Depuis quelques années, la question des prisons est devenue un sujet politique sensible. Alors
que les règles pénitentiaires européennes consacrent les droits fondamentaux des personnes
détenues, la France devait rattraper son retard au regard de ces normes nouvelles.
Mais alors que chaque Gouvernement a voulu s’approprier ce sujet en multipliant les interventions législatives et que plusieurs
projets de loi pénitentiaire ont été déposés, aucun d’entre eux n’a encore abouti à la promulgation d’un texte.

Le monde carcéral attendait donc une clarification du droit applicable en prison. C’est dans ce contexte que le 28 juillet 2008,
la Garde des Sceaux a présenté en Conseil des Ministres un nouveau projet de loi. Bien qu’attendu et réclamé par les professionnels,
ce texte apparaît décevant à bien des égards.
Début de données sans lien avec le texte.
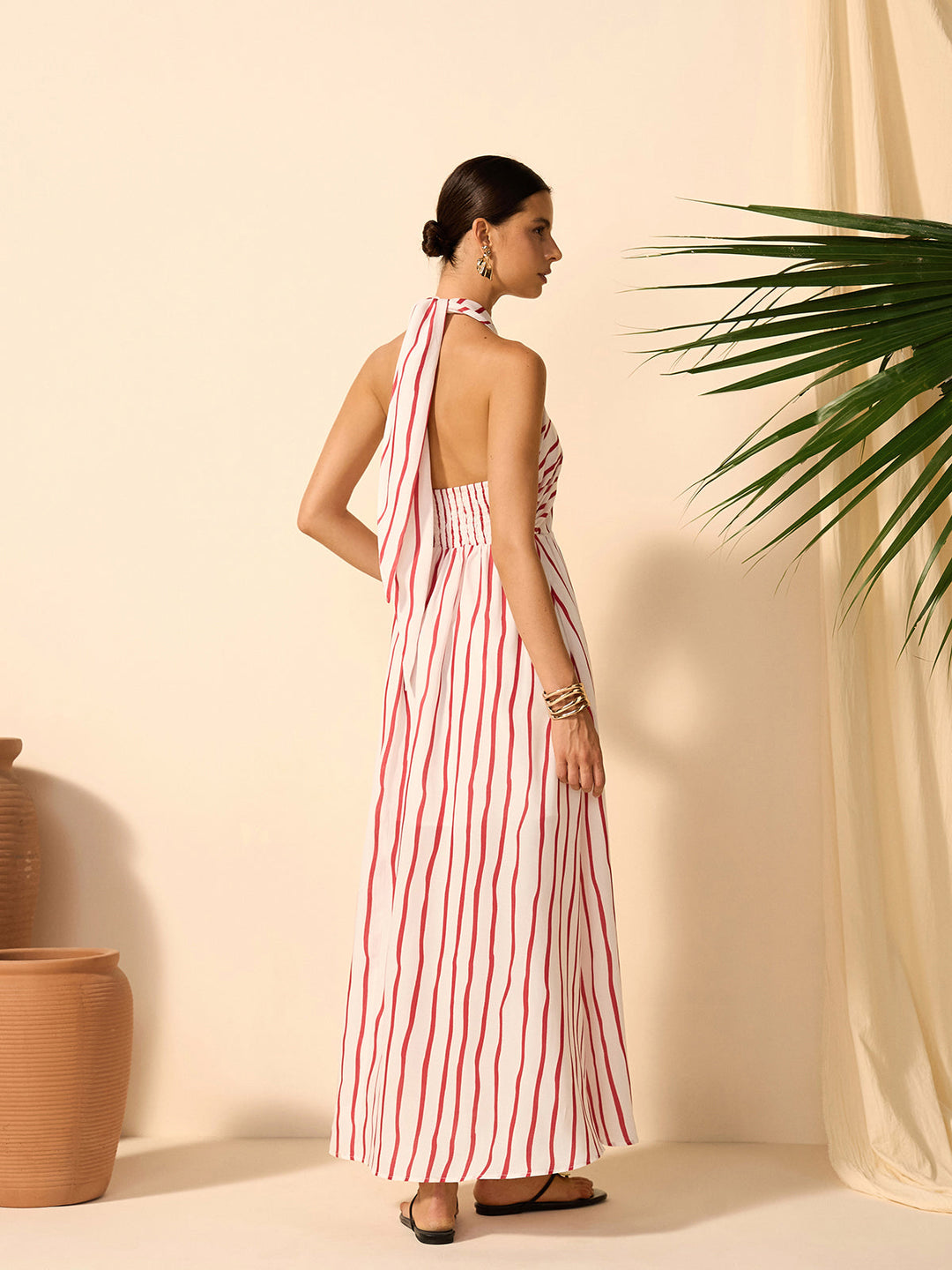 Striped Twist Halter Dress  Liora Lane Boutique Dresses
Il ne semble en effet garantir ni lisibilité satisfaisante du droit des prisons,
ni effectivité des droits des personnes détenues.
Un projet de loi décevant

L’un des objectifs du projet de loi est de remettre de l’ordre dans notre système normatif.

Aujourd’hui, les règles pénitentiaires
sont majoritairement traitées par voie réglementaire, c’est-à-dire par décision du Gouvernement, alors que certaines d’entre
elles relèvent de la compétence de la loi et devraient être votées par le Parlement.

À la lecture du projet de loi, on constate cependant qu’il est encore procédé à de nombreux renvois aux décrets. À titre
d’exemple, le régime disciplinaire en détention sera encore massivement régi par voie réglementaire, l’article 53 du projet de
loi se contentant de poser trois principes généraux : classement des fautes selon leur nature et leur gravité, quantum maximum
des sanctions d’encellulement disciplinaire et droit à l’assistance d’un avocat devant la commission de discipline.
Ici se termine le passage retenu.